The broader crisis of prison health care further complicates the issue. Incarcerated people frequently miss medical appointments due to staffing shortages or lack of officer escorts. Facilities suffer from poor ventilation and overcrowding, creating conditions ripe for disease outbreaks. People of color, disproportionately incarcerated, bear the brunt of these failures.
Dr. Homer Venters, former chief medical officer of New York City’s jail system, has described the ethical dilemmas of prison health care, including the practice of medical staff clearing people for solitary confinement—a practice he called “unethical” and corrosive to patient trust.
Reisig’s office has previously opposed compassionate release petitions, including that of Kevin Ellis, a twice-convicted child molester given six months to live. Nine months later, Ellis remains alive in hospice care, under strict parole conditions.
Ellis’s son, speaking to CBS Sacramento, opposed his father’s release, saying, “Mercy on the wolf is cruelty to the sheep.”

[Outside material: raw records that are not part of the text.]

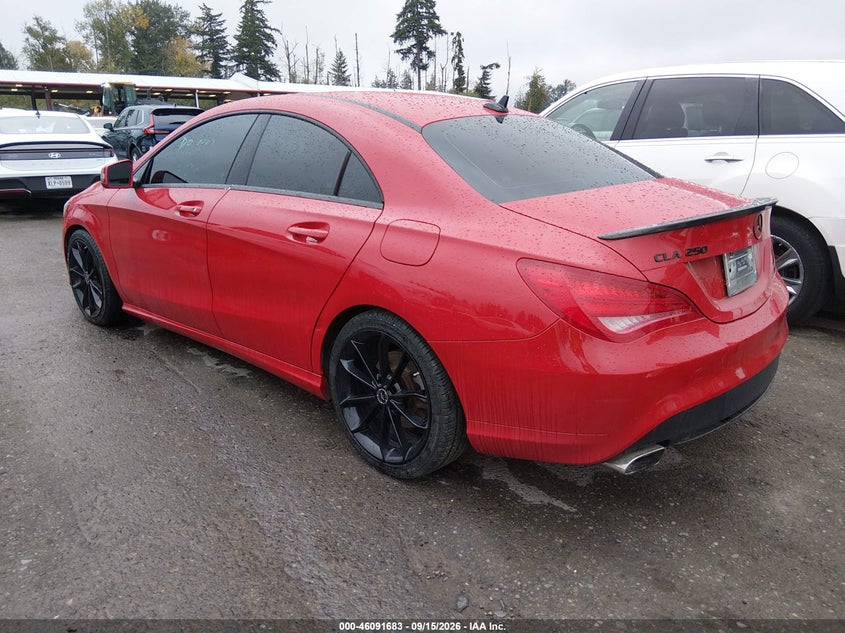Vin: wddsj4eb4fn213977, lot: 46591290, mercedes-benz cla 250 20153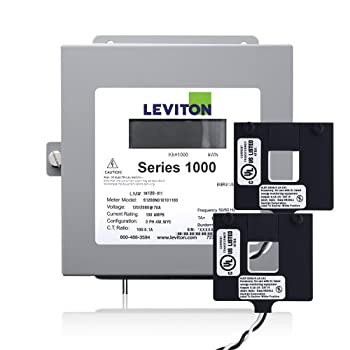 【中古】【輸入品・未使用】Leviton 1?K240???2?Wシリーズ1000?120?/ 240?V 200?A 1p3?Wインドアキットwith 2分割コアCTS|スカイマーケットプラス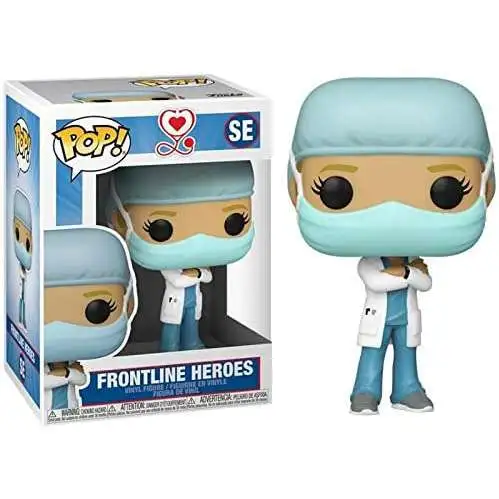 Funko Pop! Front Line Worker Vinyl Figure SE [Female #1, Damaged Package]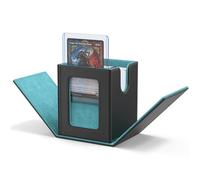 ZLCA MTG Deck Box con finestra di visualizzazione Commander, scatola per la conservazione di carte, contiene 100 carte a doppia bustina protettiva, adatta per carte TCG/CCG/PTCG/EDH/Magic/Sport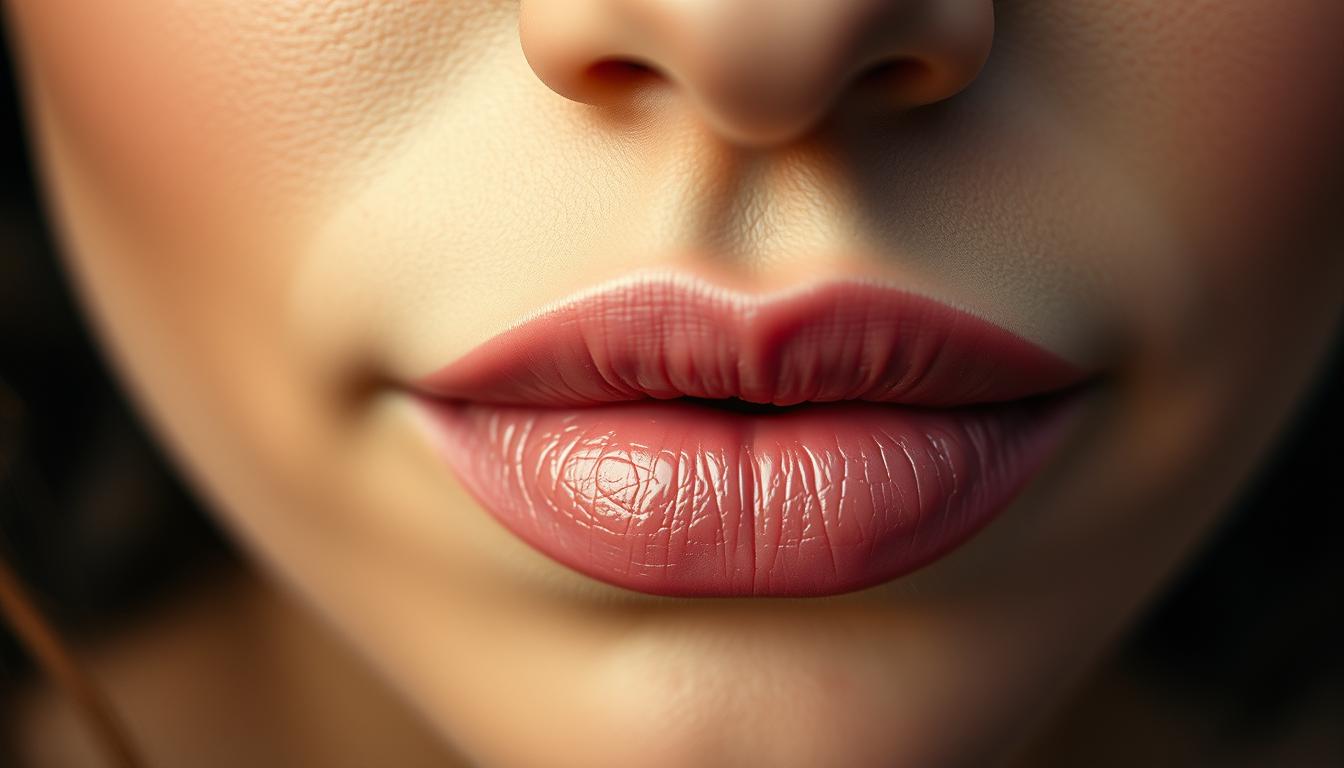 Natürlich schattierung permanent make up lippen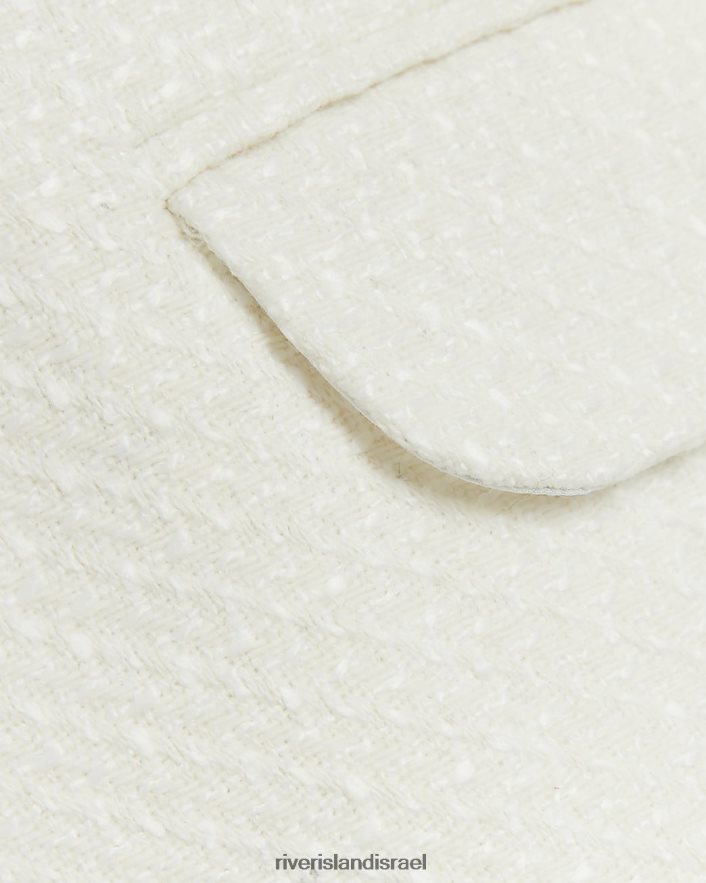 לבוש River Island בלייזר g boucle לבן בנות BDZ4086238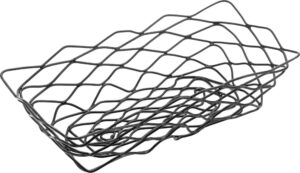 סלסלה רשת מלבנית שחור 25.5X12.5X6 ס'מ***13601110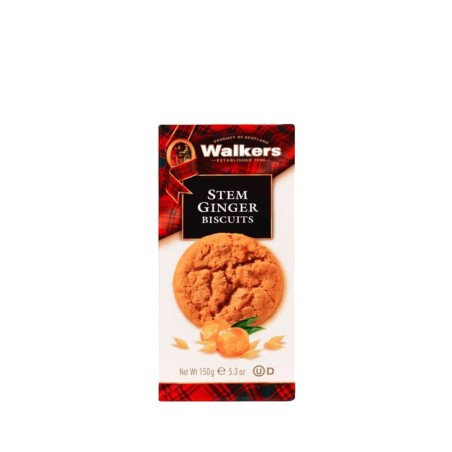 Comprar Stem Ginger Biscuits Wallkers Paquete 150 gr.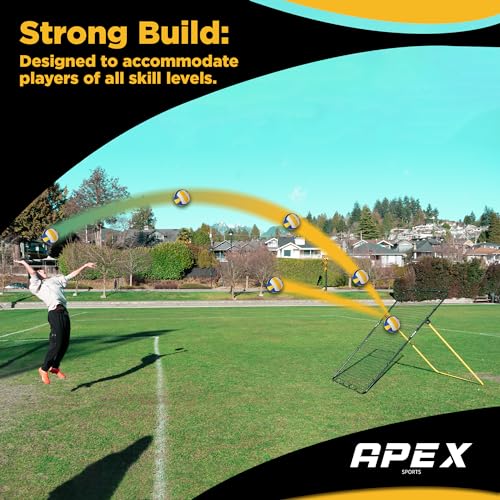 Adjustable Volleyball Rebounder Net 7x4 ft with Travel Bag R967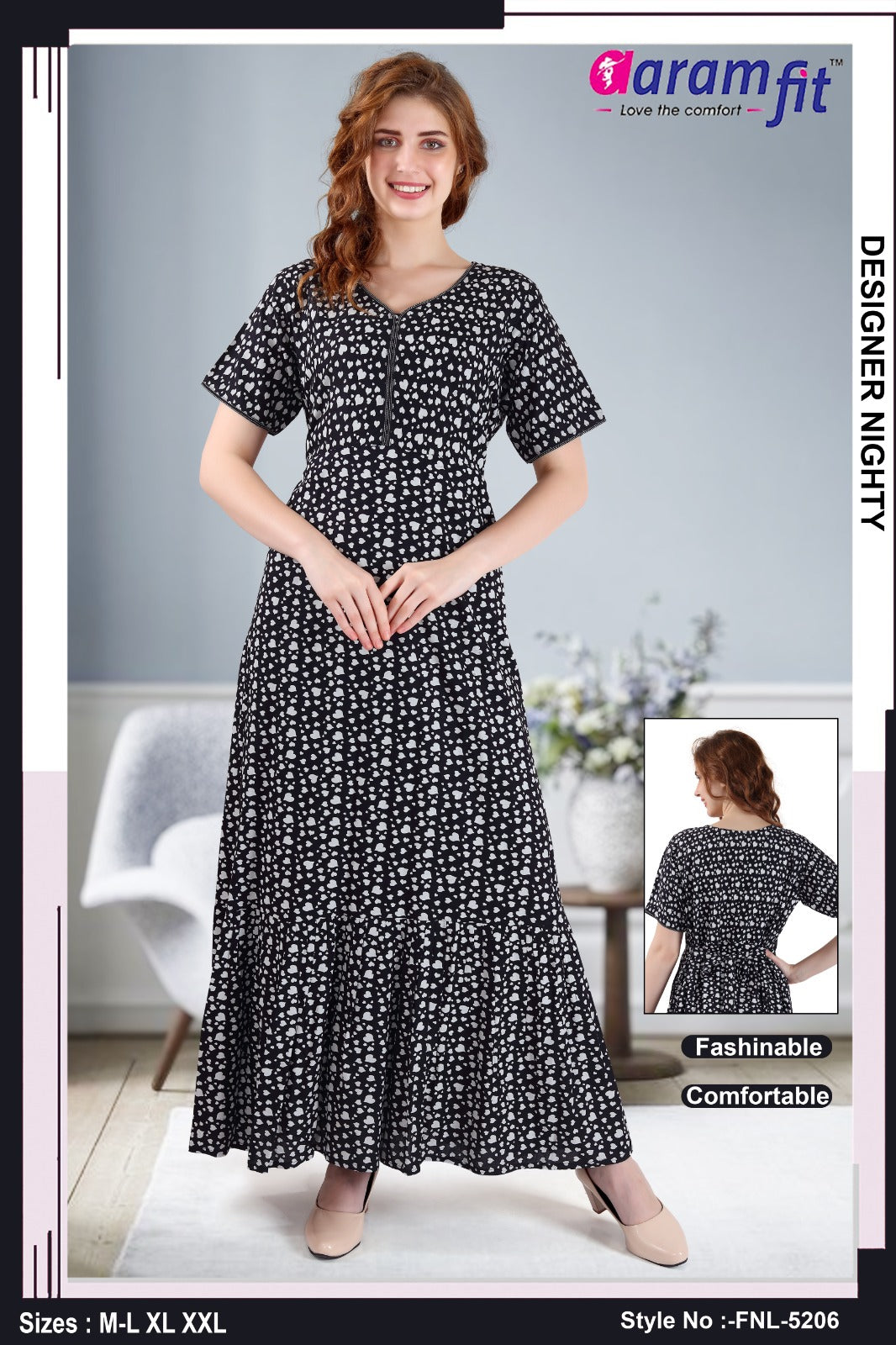 AARAMFIT DESIGNER NIGHTY FNL-5206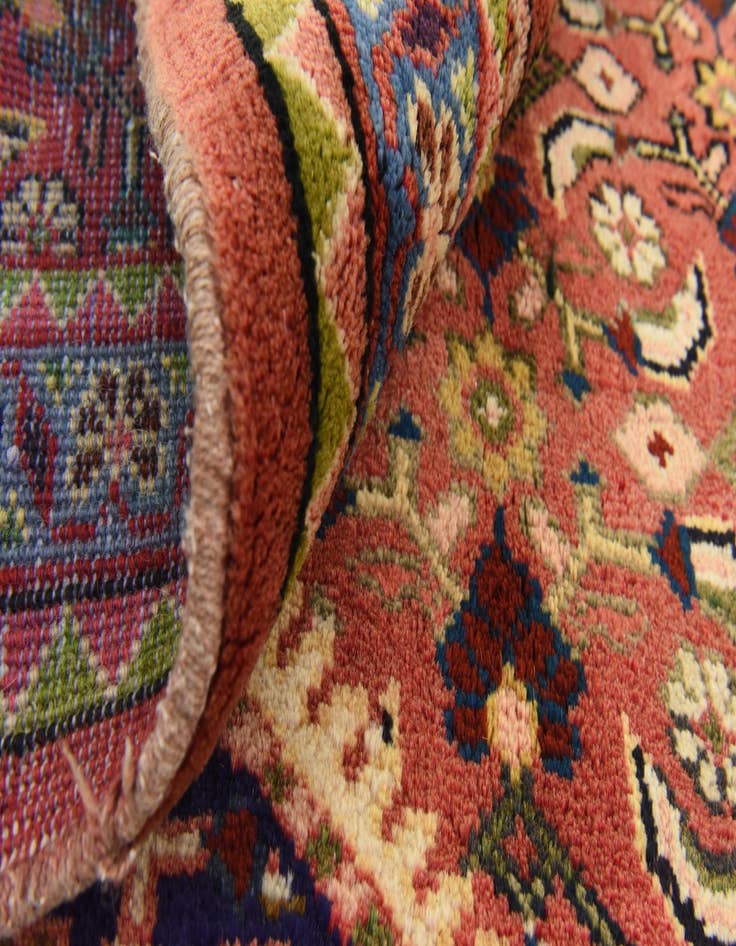 Detail image of  3' 7 x 9' 11  Hand Knotted Farahan Persian Wool Runner Rug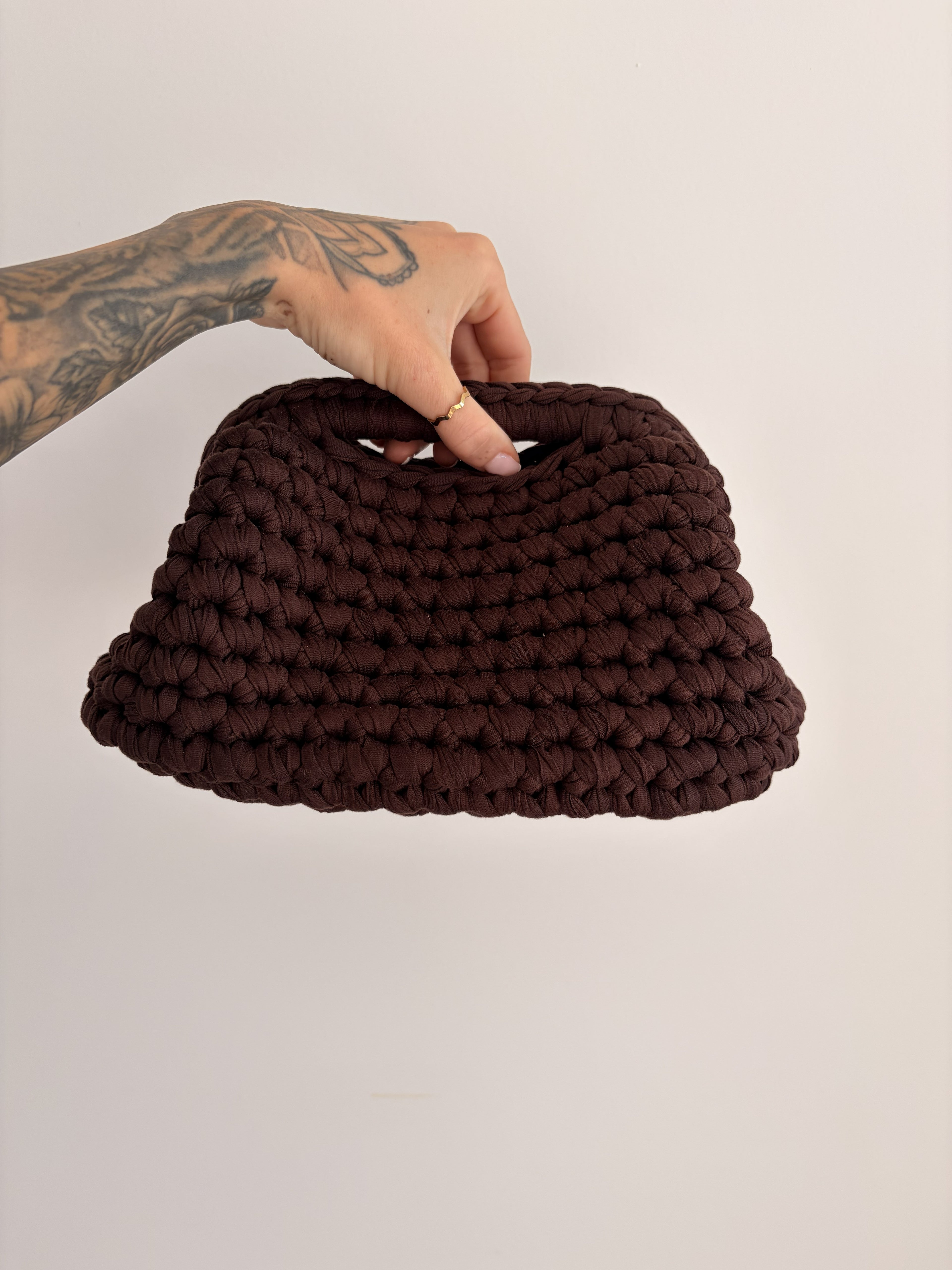 The Koda Clutch - Dark Brown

But compassionate release is not blanket mercy; it is a medically and legally constrained process designed to balance dignity, public safety, and fiscal responsibility. State data from 2024 show that judges reviewed 143 compassionate release cases, granting just 32—slightly more than 20 percent.
Reisig’s critics say the office’s push to tighten the law is more about political posturing than public safety. Compassionate release was designed to confront a reality the courts have long recognized: prisons are failing to provide adequate health care, and people are dying preventable, often torturous deaths behind bars.
To oppose release for dying individuals on the grounds of “truth in sentencing” ignores the Constitution’s ban on cruel and unusual punishment, the Supreme Court’s repeated rulings against California’s overcrowded prisons, and the fiscal burden on taxpayers.
Wilbanks’s case is just one among many that illustrate a larger question: why incarcerate people who are dying and incapable of harm? Compassionate release is not a loophole—it is a recognition of human dignity in a system otherwise defined by rigidity and neglect.
Calls to restrict it further risk entrenching suffering and undermining both justice and public health.